Quel patchwork que Pétrouchka, ballet composé en 1910-1911! Inspiré à la fois de musique russe, d’une rengaine française et même d’une valse de Joseph Lanner, ce ballet narre les aventures de trois marionnettes, Pétrouchka, la Ballerine et le Maure. Celles-ci prennent vie et, logiquement, en viennent à éprouver la diversité des sentiments humains, notamment la jalousie qui conduit le Maure à assassiner Pétrouchka, son esprit seul demeurant vivant. Stravinski développe dans cette partition une multitude de motifs, faisant appel à cet effet à une incroyable diversité instrumentale. A ce petit jeu, l’Orchestre du Théâtre Mariinsky se couvre véritablement de gloire, cette pièce faisant partie de son répertoire de prédilection. Sous la direction d’un Valery Gergiev à la gestique toujours aussi étonnante à regarder (moulinets des bras, main droite sans cesse agitée, temps forts marqués une fois sur deux ou trois...), les musiciens se délectent visiblement de cette partition qui, en vérité, se résume bien souvent à une vaste succession de difficultés techniques. Des bois d’une précision redoutable dialoguent ainsi avec des cordes formidables, le piano et les percussions étant au diapason de cette réussite totale. Que dire également des cuivres, aux timbres russes si identifiables qui, à l’image du trompettiste solo, galvanisent un public évidemment conquis?
Deuxième œuvre au programme, le Capriccio pour piano et orchestre (composé en 1929 mais révisé vingt ans plus tard) est peu fréquemment donné. Postérieur de quelques années au Capriccio (1926) pour piano et instruments à vent de Janácek, c’est une pièce là aussi incroyable de diversité, que ce soit dans le rythme (les moments d’alanguissement se voyant écrasés par des passages d’un incroyable dynamisme) ou dans les timbres (les caractères jazzy alternant avec des couleurs profondément mélancoliques). Assis à un piano placé au milieu de l’orchestre, tourné de ce fait vers le chef et vers le public, Boris Berezovsky aborde l’œuvre avec une incroyable facilité, faisant preuve d’une précision rythmique à toute épreuve, sachant varier les ambiances – point trop de sentimentalisme alangui dans le deuxième mouvement (Andante rapsodico), pleinement jazzy dans le troisième (Allegro capriccioso ma tempo giusto – et, précision importante, accompagné par un Gergiev de nouveau très en forme, l’orchestre répondant aux moindres inflexions de la partition avec beaucoup de conviction.
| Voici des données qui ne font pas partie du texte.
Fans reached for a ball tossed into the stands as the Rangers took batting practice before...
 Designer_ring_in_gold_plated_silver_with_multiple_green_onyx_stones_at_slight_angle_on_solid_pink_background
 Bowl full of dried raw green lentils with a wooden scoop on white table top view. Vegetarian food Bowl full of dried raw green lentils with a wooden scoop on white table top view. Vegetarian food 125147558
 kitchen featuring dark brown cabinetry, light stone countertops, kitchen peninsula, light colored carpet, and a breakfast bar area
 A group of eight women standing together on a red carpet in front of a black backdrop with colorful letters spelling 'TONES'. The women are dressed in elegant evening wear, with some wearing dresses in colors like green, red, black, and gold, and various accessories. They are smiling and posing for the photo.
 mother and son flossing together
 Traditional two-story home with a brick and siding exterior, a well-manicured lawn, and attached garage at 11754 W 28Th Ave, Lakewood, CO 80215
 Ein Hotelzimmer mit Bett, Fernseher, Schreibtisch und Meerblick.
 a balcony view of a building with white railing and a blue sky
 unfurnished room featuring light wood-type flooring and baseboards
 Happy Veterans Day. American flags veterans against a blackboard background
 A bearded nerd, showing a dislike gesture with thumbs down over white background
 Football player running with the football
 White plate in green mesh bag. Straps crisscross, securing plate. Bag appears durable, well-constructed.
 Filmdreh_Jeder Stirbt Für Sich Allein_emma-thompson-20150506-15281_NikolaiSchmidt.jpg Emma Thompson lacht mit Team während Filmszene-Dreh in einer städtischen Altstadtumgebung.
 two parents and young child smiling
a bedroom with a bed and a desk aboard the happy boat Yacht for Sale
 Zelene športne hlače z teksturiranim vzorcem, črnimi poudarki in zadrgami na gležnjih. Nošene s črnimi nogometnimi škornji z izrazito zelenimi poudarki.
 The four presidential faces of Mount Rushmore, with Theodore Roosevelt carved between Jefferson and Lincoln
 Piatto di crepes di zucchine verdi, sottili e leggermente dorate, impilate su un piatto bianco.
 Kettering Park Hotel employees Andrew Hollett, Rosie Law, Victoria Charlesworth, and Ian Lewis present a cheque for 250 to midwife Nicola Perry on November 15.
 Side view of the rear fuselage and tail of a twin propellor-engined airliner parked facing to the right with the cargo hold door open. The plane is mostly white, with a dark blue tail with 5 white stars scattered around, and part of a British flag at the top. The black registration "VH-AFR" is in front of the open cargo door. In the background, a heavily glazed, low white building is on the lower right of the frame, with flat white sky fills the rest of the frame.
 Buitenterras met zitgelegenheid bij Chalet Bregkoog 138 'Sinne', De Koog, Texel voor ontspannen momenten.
Après que le troisième mouvement a été bissé, l’entracte a permis de donner à l’orchestre une nouvelle configuration pour aborder la Symphonie de psaumes (1930) qui constituait la seconde partie du concert. L’interprétation de cette œuvre (quoique d’une brève durée, une vingtaine de minutes) est complexe car il importe d’éviter tout caractère romantique qui serait hors de propos et, par ailleurs, tout caractère qui s’avèrerait trop objectif, la Symphonie de psaumes requérant tout de même un climat suffisamment recueilli. Le Chœur du Théâtre Mariinsky, très bien préparé par Andrei Petrenko, distille un très beau mystère dans le premier mouvement, accompagné avec tact par les violoncelles et contrebasses de l’orchestre. Si le deuxième mouvement s’avère plus indolent, le troisième conclut en revanche de la plus belle manière cette œuvre, les dernières paroles («Amen») étant déclamées avec une humilité de très bon aloi.